Chez Fillon. Lors des premières minutes de son discours, François Fillon a tenu à répondre aux attaques du camp Juppé qui ont émaillé l’entre-deux-tours. "Trente ans que je suis gaulliste, me voici soudainement devenu 'l’ami des extrémistes' et le 'croquemitaine réactionnaire' !", a notamment lancé le député de Paris. Pour le reste, François Fillon a veillé à ne pas trop attaquer le maire de Bordeaux. "J’ai de l’estime pour Alain Juppé, a-t-il même souligné. Il n’est pas mon adversaire, il est mon concurrent." Mais il a quand même fini par lancer : "Ceux qui se disent modérés ont déjà baissé les bras."

Il y a une semaine, j’étais vu comme un réformateur, me voici qualifié ‘d’ultra-libéral et de destructeur’.

François Fillon

Des divergences de fond

Chez Juppé. Celui qui est devenu l'outsider dans cette primaire s'est attaché à démontrer qu'il n'y avait pas seulement une différence de curseur entre François Fillon et lui, mais de philosophie. Dénonçant l'"hyperlibéralisme" de son rival, "qui risque, par sa brutalité, de disloquer la société", Alain Juppé a opposé son "libéralisme humaniste". "Il n'y a pas de libéralisme sans justice !", s'est-il exclamé en se prononçant contre une privatisation de la Sécurité sociale et la baisse des remboursements de l'assurance-maladie. "Les réformes que je mettrai en œuvre ne seront pas une pénitence, mais une espérance", a-t-il ajouté, pour mieux se démarquer de son concurrent.

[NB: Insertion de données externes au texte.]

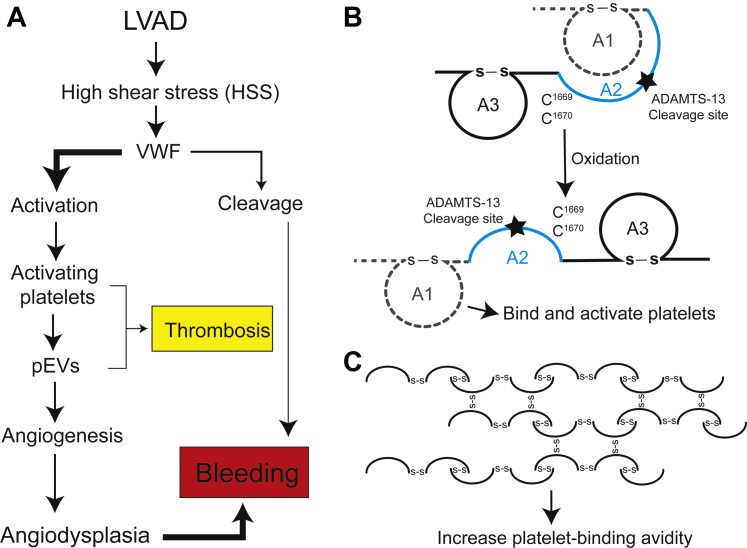 Figure 7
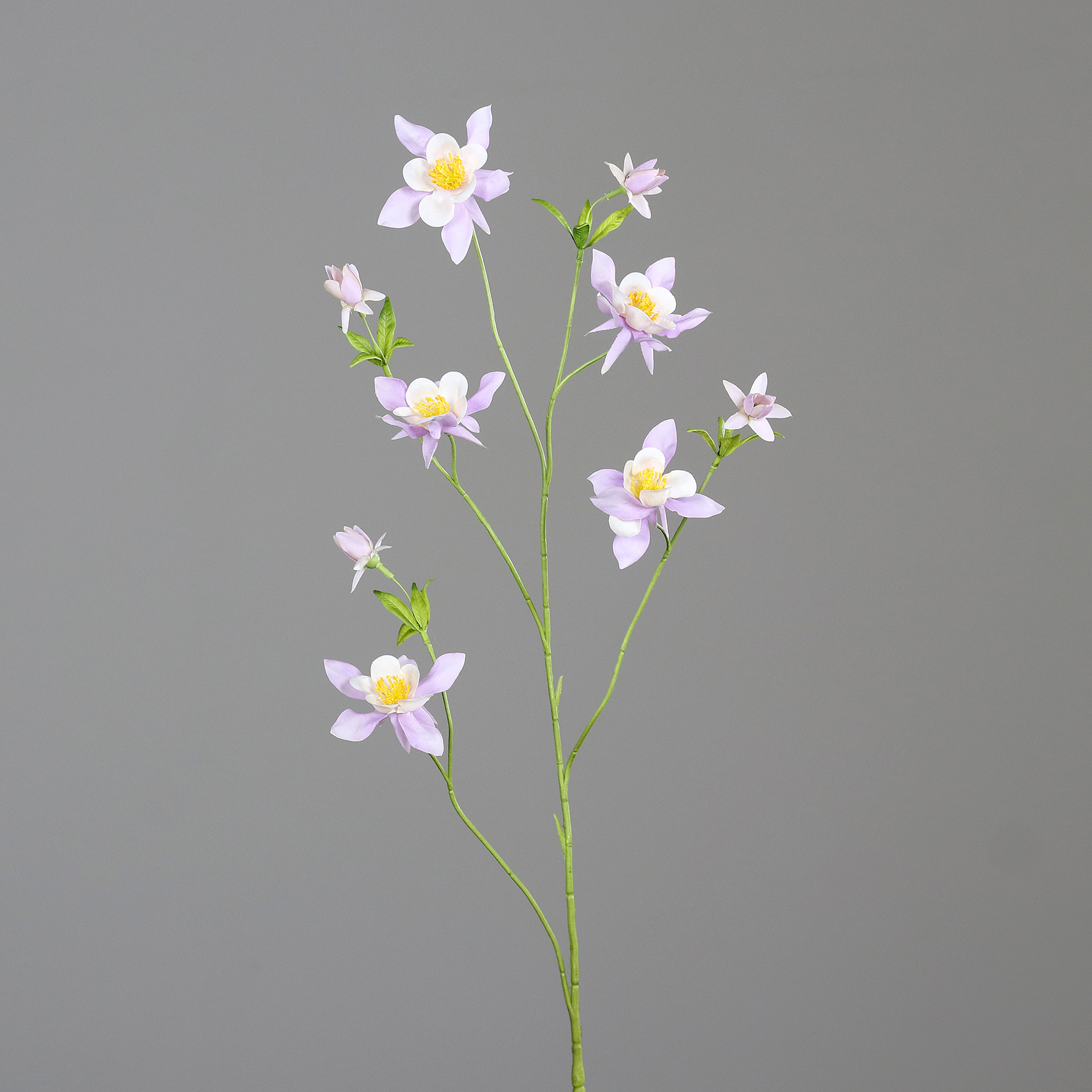 Akelei Dusty Pink 104cm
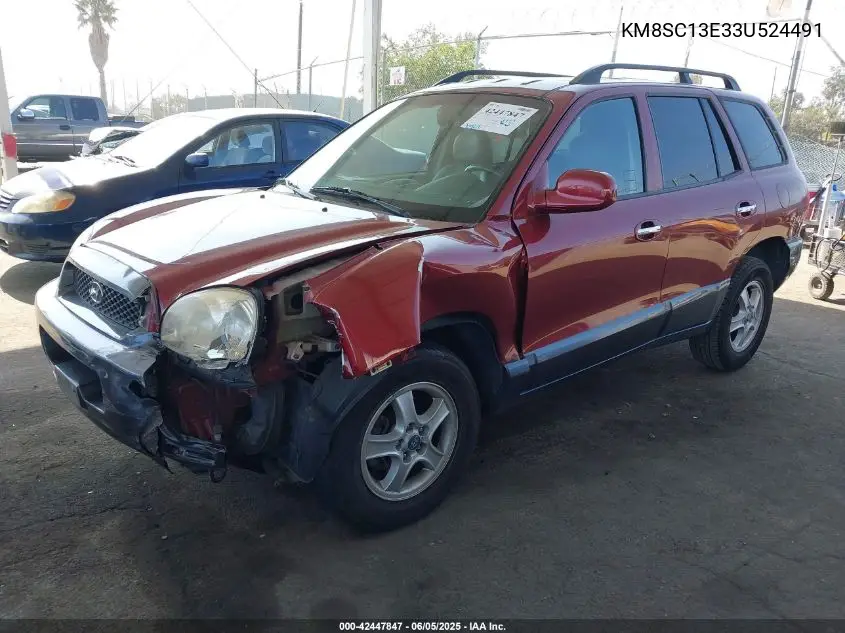 2003 Hyundai Santa Fe Gls/Lx VIN: KM8SC13E33U524491 Lot: 42447847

Chez Fillon. Reprenant parfois les mêmes formules que lors des débats ou meetings précédents, François Fillon a déroulé sa ligne de réformateur tatchérien. "Nous ferons 100 milliards d’économies pour alléger le fardeau qui pèse sur l’avenir de nos enfants", a-t-il prévenu. Il a, par moment, donné l’impression de mettre la barre à droite toute au moment d’évoquer les questions d’identité et d’immigration. "Les étrangers ont des devoirs avant de réclamer des droits", "Quand on entre dans la maison d’autrui, on n’y impose pas ses lois", "je veux un strict contrôle administratif du culte musulman", a-t-il réaffirmé.

L’un y croit, l’autre encore plus

Chez Juppé. "J'ai la conviction que je peux vous conduire à la victoire dimanche et en 2017 !", a lancé Alain Juppé en conclusion de son discours, même si ses chances de victoire paraissent très faibles. "Le deuxième tour de la primaire, c'est en réalité le premier tour de l'élection présidentielle", a-t-il estimé, tout en appelant ses soutiens à inciter leurs proches à voter : "Dites à vos amis de demander quelle est la méthode la mieux à même de rassembler, d'apaiser, de réformer !" Un baroud d'honneur ? En privé, les lieutenants du maire de Bordeaux reconnaissent que la victoire sera très compliquée.

Chez Fillon. "Dimanche prochain, tout commencera vraiment", a lâché François Fillon en fin de discours. Et de fait, en attaquant avec virulence François Hollande comme le Front national, il a donné, par moments, l’impression de se projeter au-delà du second tour. Il faut dire que dans les rangs fillonistes, l’optimisme est de mise. "La primaire est gagnée", lâche même le sénateur Gérard Longuet. "Je suis confiant, mais je reste méfiant", sourit avec un peu plus de prudence le porte-parole Jérôme Chartier. Il sait qu’en politique, toutes les surprises sont possibles.